In the above example the variable 'op' has the type operation. I am not advocating using C as an Object Oriented programming language. There is a reason C++, C#, Java and other OO languages were created after all.

The same example in Javascript

getFunction()(10)

function fun1(a) {
    console.log('The value of a is ' + a);
}

function fun2(a) {
    console.log('a has the value of ' + a);
}

function getFunction() {
    return fun2;
}

Discussion

The Javascript language has much going for it and the removal of the need for types everywhere means that coding can be much simpler and more dynamic. But it comes at a cost; safety. Refactoring code needs much more care and attention, altering the number of parameters of 'fun1' for example may cause errors at runtime.

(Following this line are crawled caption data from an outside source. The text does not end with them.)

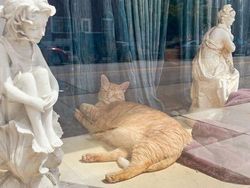 Potret 15 Kucing Tertangkap Kamera Saat Santai di Jendela, Lucu-lucu Deh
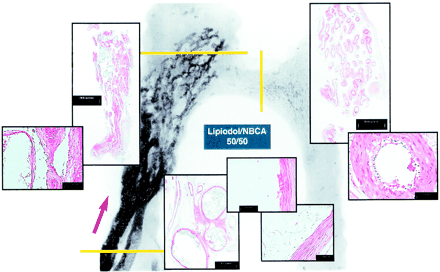 fig 2.
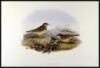 Anthus Pratensis
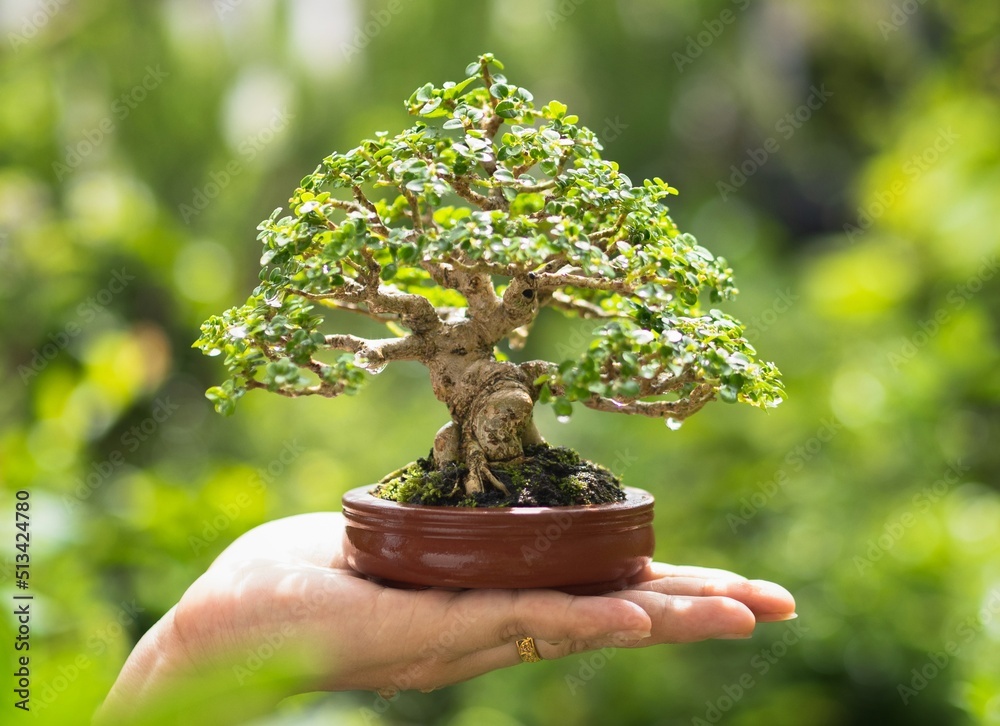 Asian woman's hand holding a little bonsai plant that is growing in a brown  pot in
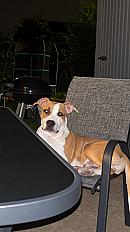 Donne Scott amstaff chiot 6 mois LOF - Nord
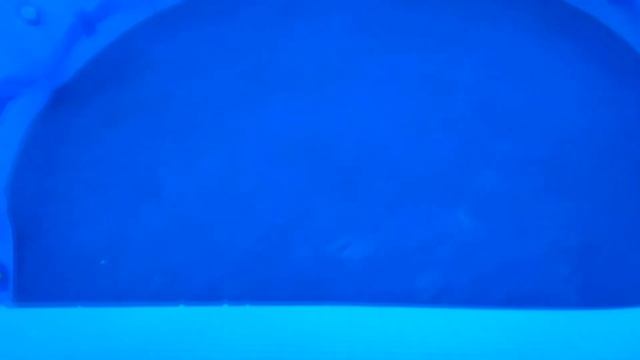 К ЛЕТУ ГОТОВЫ!!! ПРИОБРЕЛИ БАССЕЙН AVENLI НА УЧАСТОК смотреть онлайн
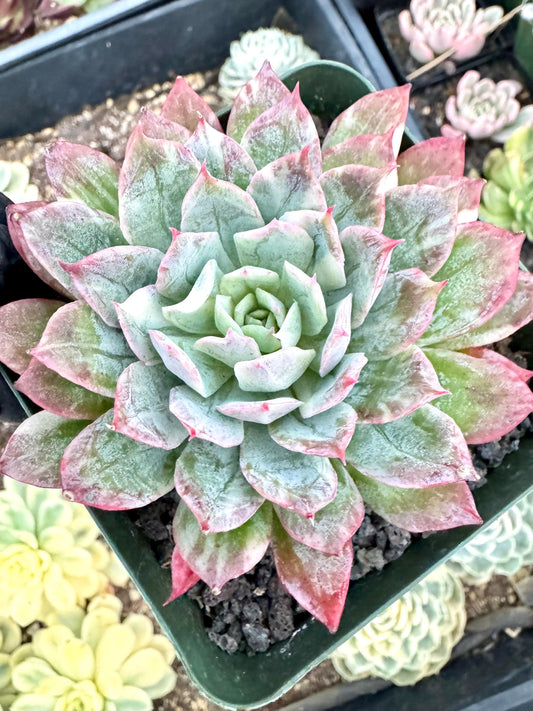 Echeveria Goblet of Fire Variegated | Live Succulent Plant | Korean Succulent | Variegated Echeveria | Imported Plants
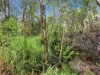 97 Brennans Road, Glenreagh, NSW 2450-Image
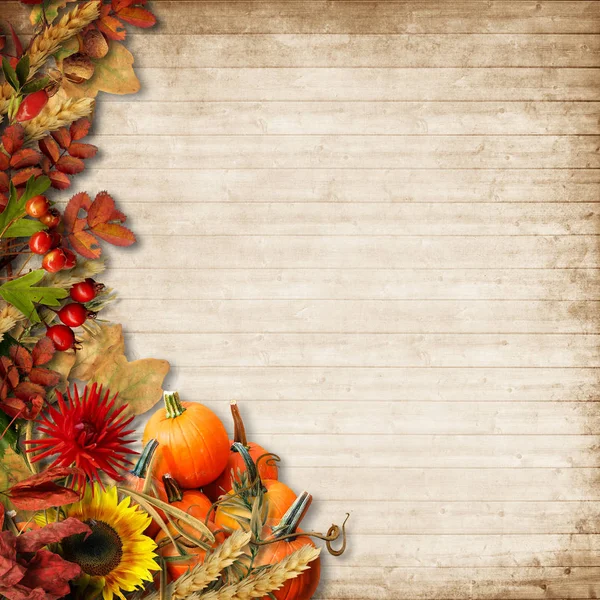 Happy Thanksgiving Card. Autumn Background — Stock Photo, Image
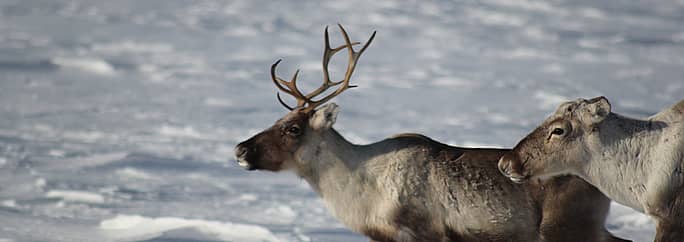 Le renne, animal emblématique de Laponie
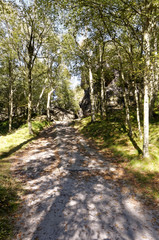 Path going in between a dense and rocky forest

In the C example the C compiler checks this at compilation time. If we were to alter the code above as follows:

function fun1() {
    console.log('The value of a is ' + a);
}

Then run the example, all would still be fine because 'fun1' has not been called. Should we then alter our code again.

function getFunction() {
    return fun1;
}

Only now would we get the error (at runtime).

Conclusion

There are significant disadvantages in having to use strong types everywhere, they require definition, variable declarations can be more verbose and generic (parametric programming) is much more verbose and complex.

But they can provide compile time safety and facilitate the expression of relationships. They are much more natural for humans as we tend to classify and categorise most things.

So putting additional definition requirements, slightly more verbose code issues to one side; the natural and logical effect strong types bring together with increased safety is worth the price.

Needs already catered for

This conclusion won't suit everyone and there are languages such as Python and Javascript that are much freer with respect to types.

But then there are numerous languages that have strong types already, such as C, C++, C#, Java, Scala, Kotlin, Dart, etc. So why create another language that is 'just like those'?

The next few blog posts will make this clearer. But do far I've not really added anything new other than to fall into the 'compiled', 'strong typing' camp of languages.